**ACTION ITEM**.
Should a picture appear anywhere in the data, omit it and copy everything else exactly.

-- AVAILABLE DATA follows --

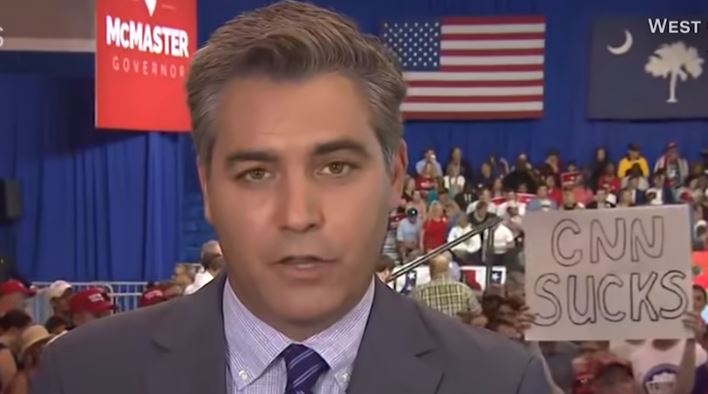 CNN’s Jim Acosta Holds First Book Signing, But No One Showed Up ???? - Deplorable Tribune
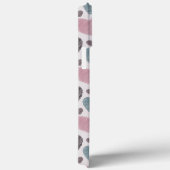 スクライブモダンルハートモノグラムカスタム Case-Mate iPhoneケース (裏面 / 右)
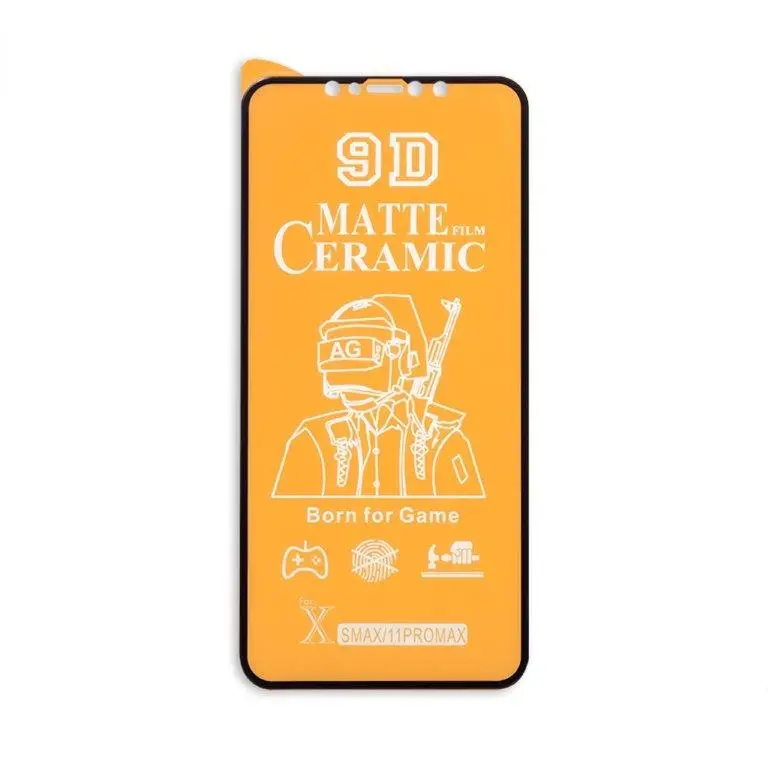 Защитная пленка iPh 11 Pro Max/XS Max Ceramics Film матовая без упаковки Защитная пленка iPh 11 Pro Max/XS Max Ceramics Film матовая без упаковки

-- AVAILABLE DATA concluded --

**COMPLETED EXERCISE**.
 CNN’s Jim Acosta Holds First Book Signing, But No One Showed Up ???? - Deplorable Tribune
 スクライブモダンルハートモノグラムカスタム Case-Mate iPhoneケース (裏面 / 右)
 Защитная пленка iPh 11 Pro Max/XS Max Ceramics Film матовая без упаковки Защитная пленка iPh 11 Pro Max/XS Max Ceramics Film матовая без упаковки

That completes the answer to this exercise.